Ungrateful

Here’s an interesting one, and it leaves me curiously conflicted

A millionaire has revealed he refuses to help his struggling parents pay off their mortgage so they can retire because they wouldn’t invest in his fledgling company five years ago.  The unnamed son, believed to be from the UK, explained on Reddit that he started a business in 2015, and his parents refused to invest £100 because they thought it would fail.  However in the last couple of years it’s boomed – but the son, who earns ‘borderline seven figures a year’, remains bitter about his parents’ lack of support.
The son explained he quit his office job, which paid £26,000 a year, in order to start his business in 2015 – when his parents and siblings earned twice or triple what he made.
‘When I opened my business, I asked if they wanted to invest as little as £100 in it, no one did… My entire family thought that my business was going to fail, just like I failed my sixth form,’ he wrote.
However, the company turned out to be a success and the business boomed in 2018 and 2019.
The son wrote: ‘My parents still have around £200,000 in mortgage payments left and are about to retire.
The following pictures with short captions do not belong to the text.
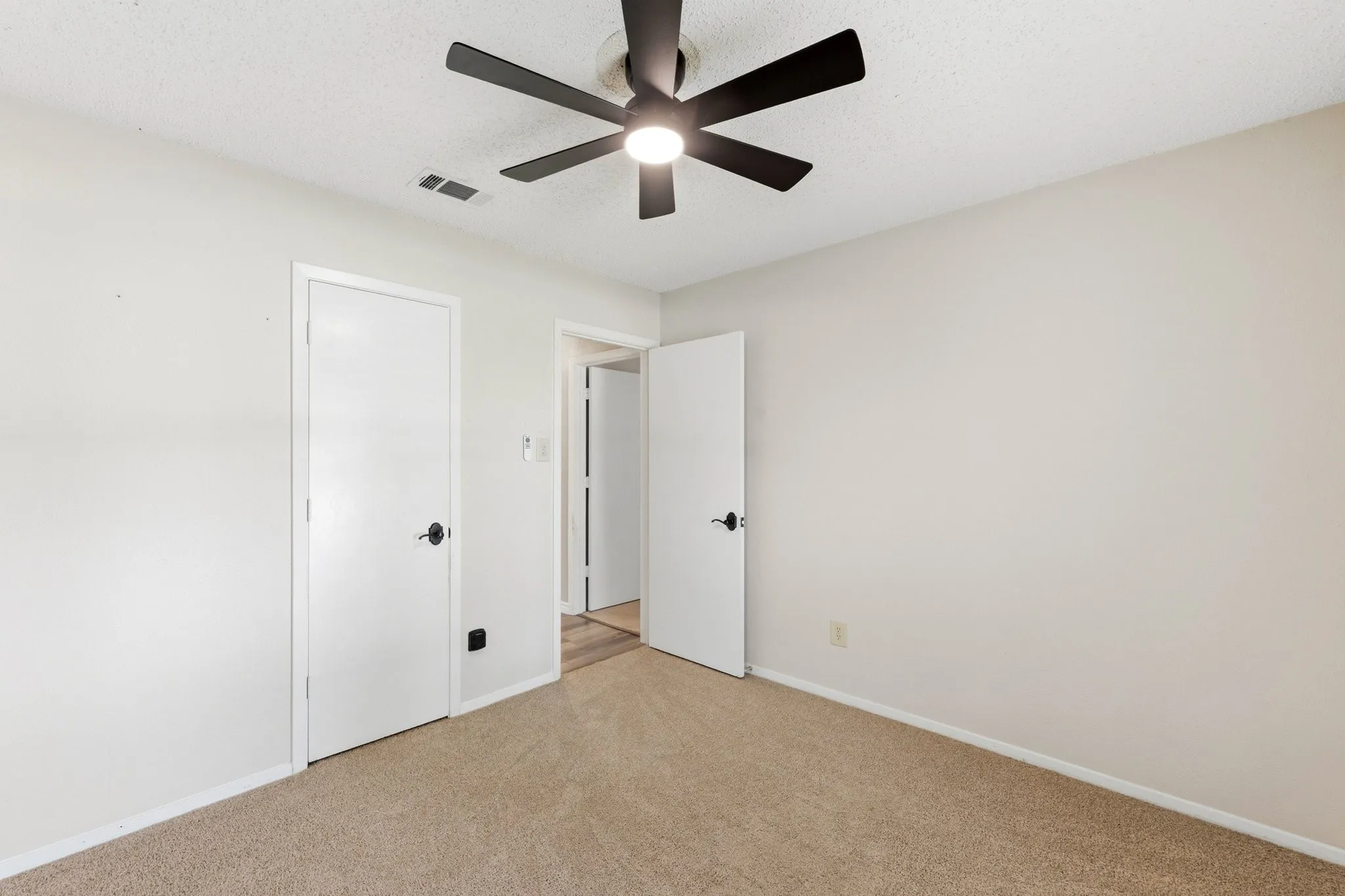 Single Family Residence For Sale in Denton County , 1933 Pin Oak Drive, Flower Mound, Texas 75028, 3 Bedroom, 2 Bathroom, 2 Garage spaces, 1,513 Sqft, built in 1981, mls#21409062, Real Estate Agent in Flower Mound, Homes For Sale in Denton county, Homes For Sale in Flower Mound, Realtor in Flower Mound Texas, Real Estate Brokerage Independent Realty Texas, Luminita Cordes Realtor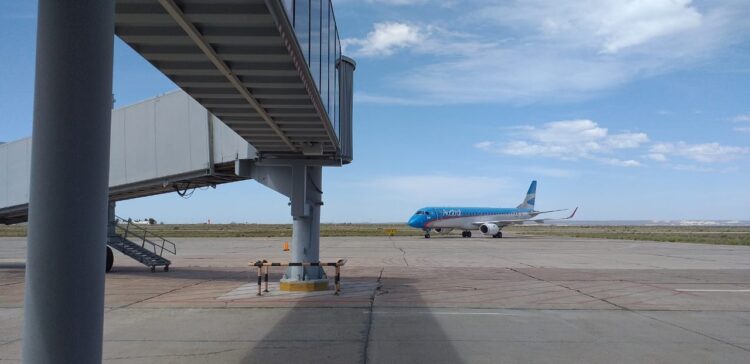 Merino adelantó que sería inminente la habilitación para el movimiento de cargas a través del Aeropuerto de Trelew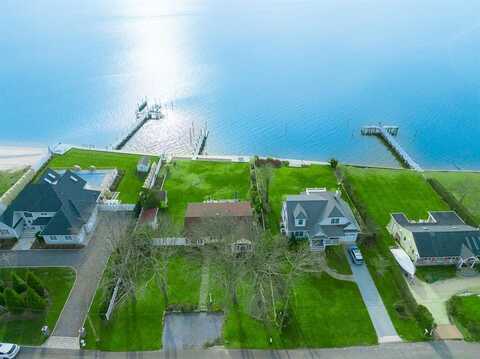 8 Bay Street, East Moriches, NY 11940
Yesterday at a family reunion, my aunt asked why I don’t help them out financially considering I make more in a year than they make in a decade.’
He said he told his aunt he did not want to help because his parents had shown no belief in his venture.
‘I also told her that my parents made more than enough to put aside some money each month towards retirement, but due to their unorganised spending habits they were living pay cheque to pay cheque every month. They were making TRIPLE what I was making when I was an office boy,’ he explained.

Here’s why I’m conflicted.

I myself couldn’t do this to my parents, because parents.  (And if you need me to explain that rationale, you need help.)
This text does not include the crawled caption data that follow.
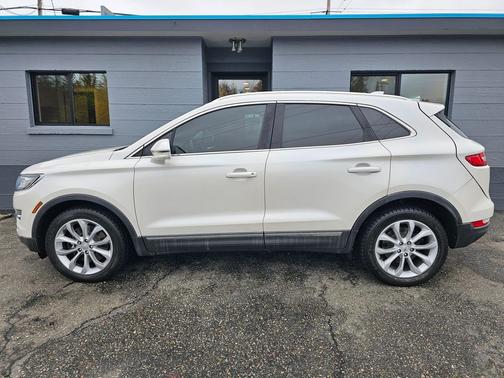 White Platinum Metallic Tri-Coat 2017 Lincoln MKC Select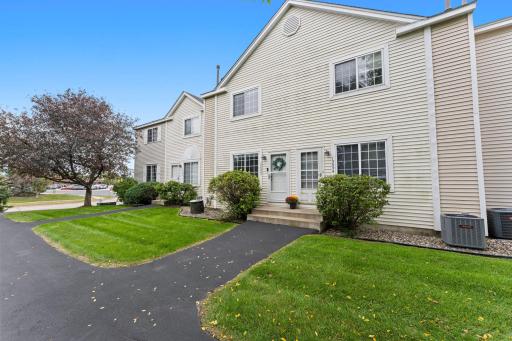 13092 Murdock Terrace, Eden Prairie, MN 55347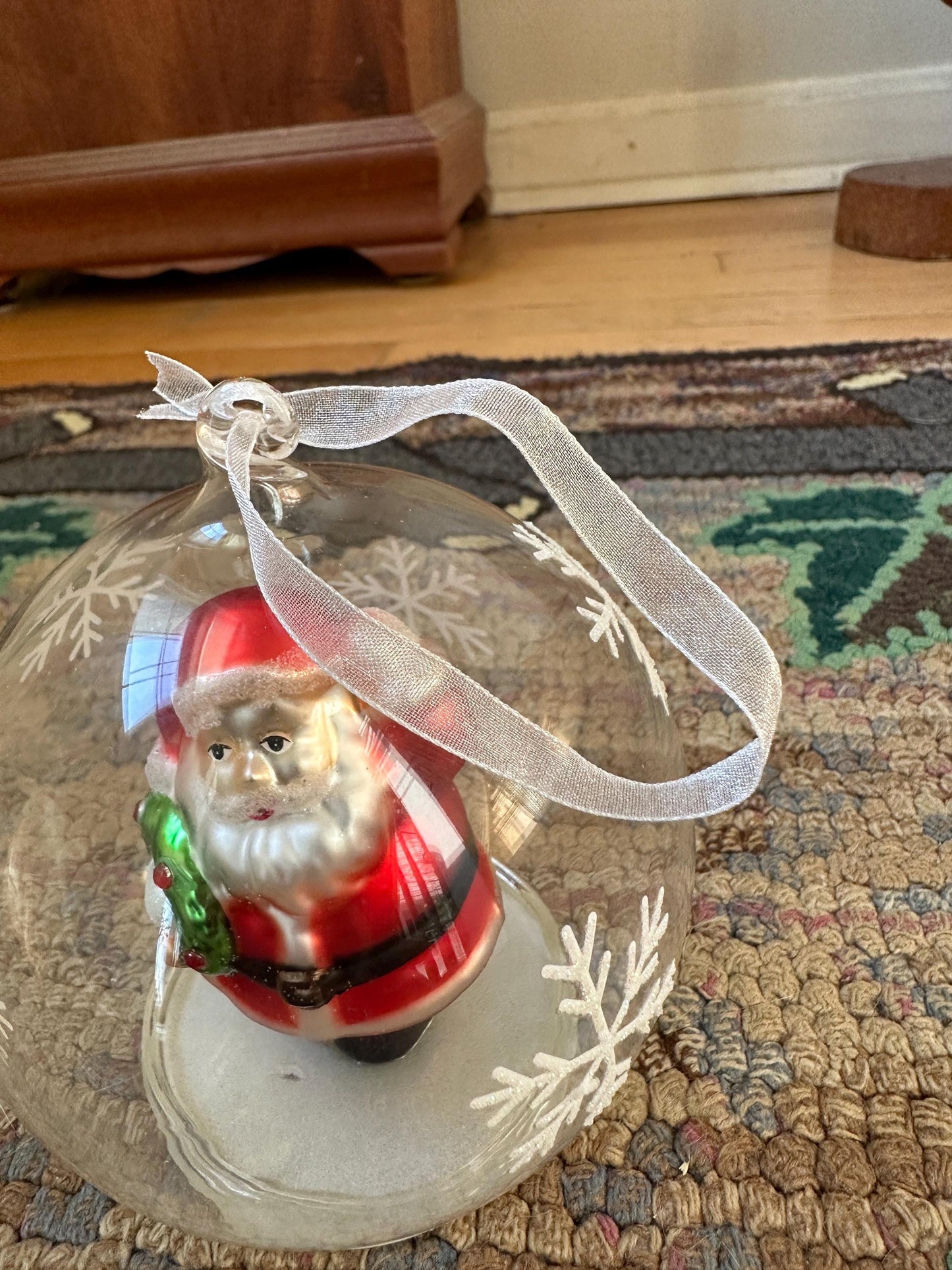 Vintage Gorham Winter Follies Clear Round Santa Christmas Tree Ornament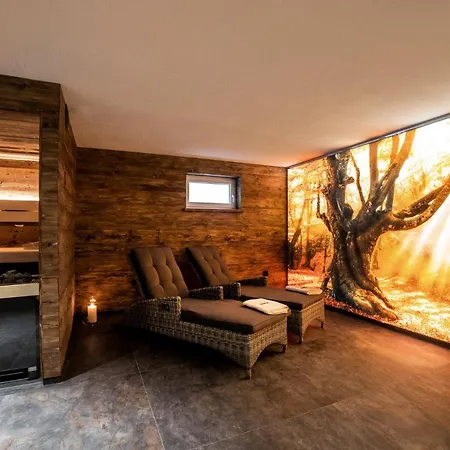 Primera & Boardinghouse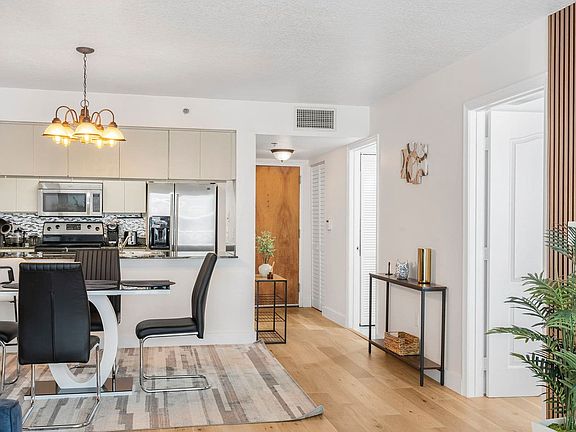 4th image of 1200 Brickell Bay Dr Floor 15-ID1256813P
On the other hand:  one of my ironclad rules in dealing with people is this:  I never forget an insult, and I never forgive an injury.  I am the world’s best friend to have — I’ll do anything to help a close friend — but screw me over or betray my trust, and there is a good chance that I’ll never speak to you again.
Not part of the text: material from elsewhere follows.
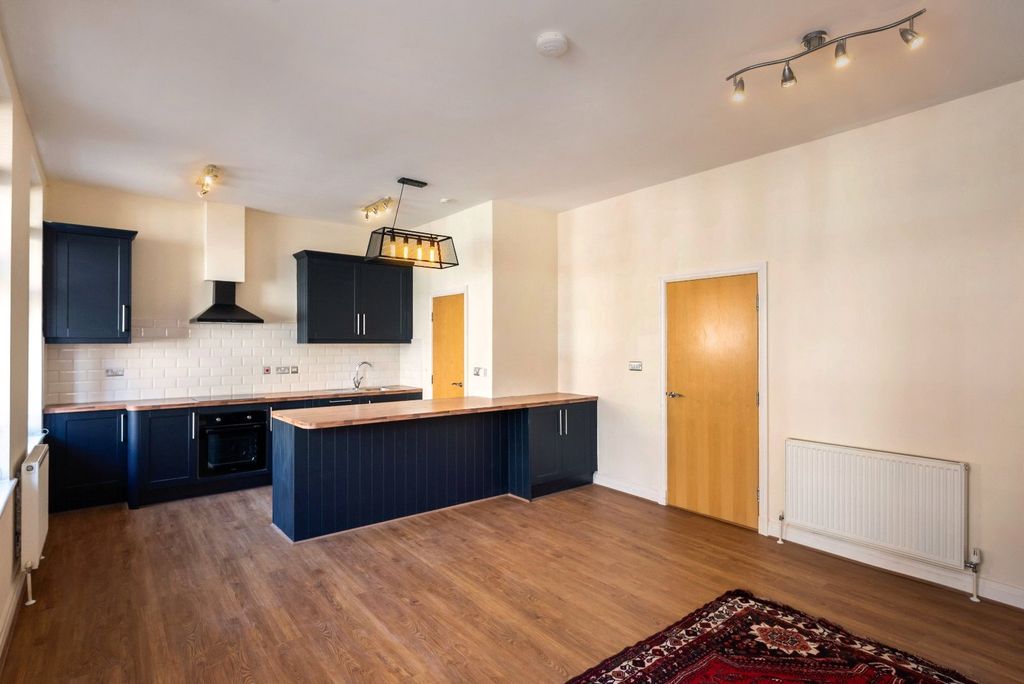 Property photo 3 of 12 Picture 3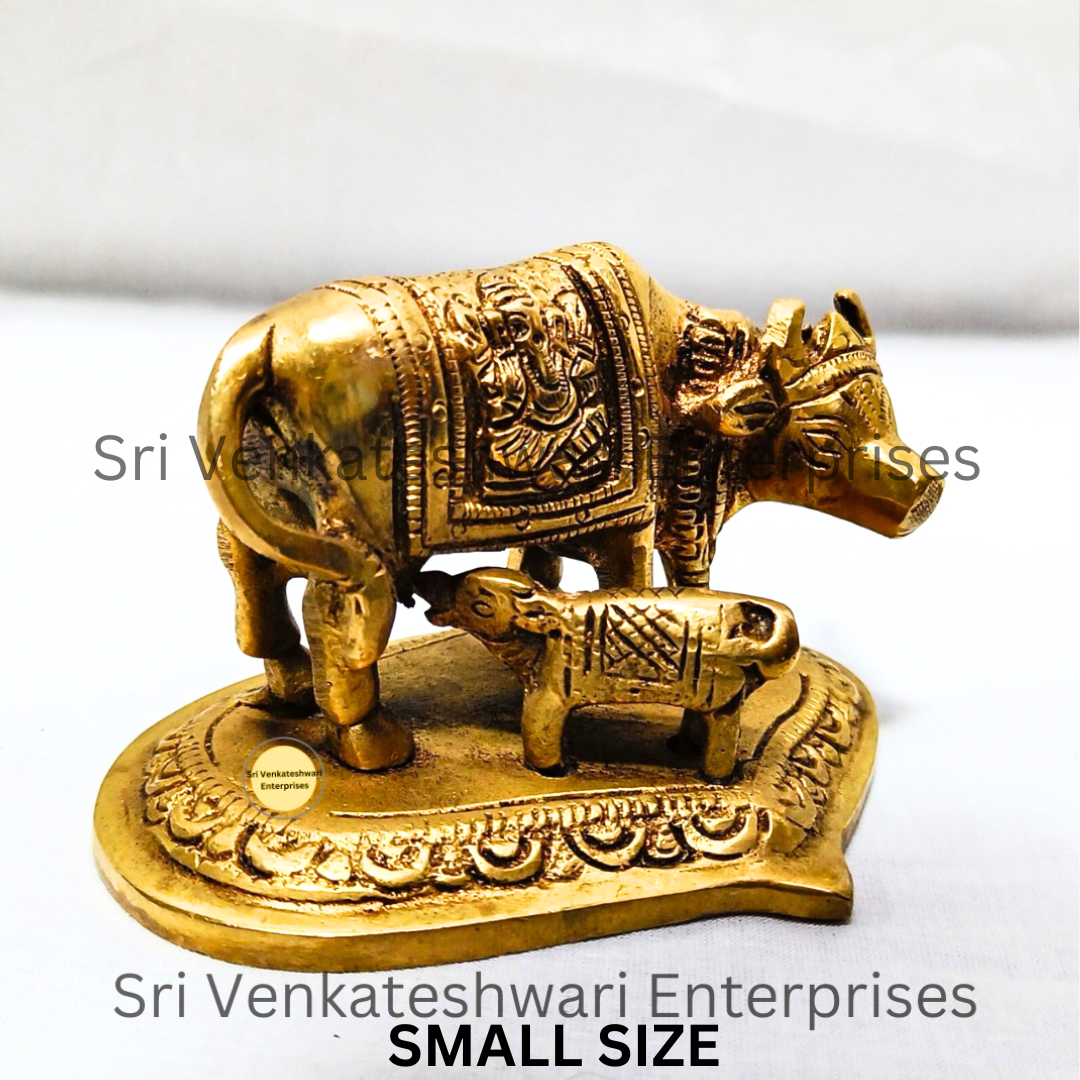 PasuMaadu Silai (Komaadha)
So in that moral context, I can understand  this young guy’s attitude towards people who didn’t help him on his way up, but I can’t forgive it.  And here’s why.

What he seems to have forgotten is that if he’d never have been born, they could probably have paid off their mortgage long before now.  But they had him, raised and nurtured him, and when he’d grown up, they let him go.  All that stuff costs money, lots of it (as any parent knows).

But all that said, I have little sympathy for the parents now, because they had the chance to help their child — for a piffling amount of money — and refused.  The essence of parenthood is to give, and give, and give — sometimes even when you can’t give any more, you still give.  Because it’s your child, that’s why.  Telling him his idea was dumb and he was going to fail (again) was a dick move — and now that he’s turned out for the better, they shouldn’t be surprised by his attitude — because they created it.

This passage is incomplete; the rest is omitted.